*** RECORDED DATA Section Begins ***

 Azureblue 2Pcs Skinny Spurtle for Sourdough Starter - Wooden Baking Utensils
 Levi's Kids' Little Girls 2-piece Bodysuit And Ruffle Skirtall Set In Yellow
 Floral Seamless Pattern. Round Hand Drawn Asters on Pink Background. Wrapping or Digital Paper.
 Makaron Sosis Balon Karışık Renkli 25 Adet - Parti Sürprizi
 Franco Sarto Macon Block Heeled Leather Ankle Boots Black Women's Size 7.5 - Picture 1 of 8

*** RECORDED DATA Section Ends ***
*** RECORDED DATA Section Begins ***

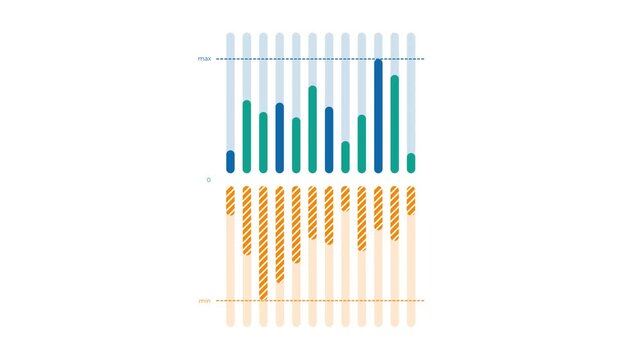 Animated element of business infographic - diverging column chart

*** RECORDED DATA Section Ends ***

▶ WHAT THE TASK ASKS:
Copy out only the lines of the records above from the one with "Azureblue 2Pcs Skinny" through the one with "Franco Sarto Macon", exactly as they stand, both included.

▶ SOLUTION TO THIS EXERCISE:
 Azureblue 2Pcs Skinny Spurtle for Sourdough Starter - Wooden Baking Utensils
 Levi's Kids' Little Girls 2-piece Bodysuit And Ruffle Skirtall Set In Yellow
 Floral Seamless Pattern. Round Hand Drawn Asters on Pink Background. Wrapping or Digital Paper.
 Makaron Sosis Balon Karışık Renkli 25 Adet - Parti Sürprizi
 Franco Sarto Macon Block Heeled Leather Ankle Boots Black Women's Size 7.5 - Picture 1 of 8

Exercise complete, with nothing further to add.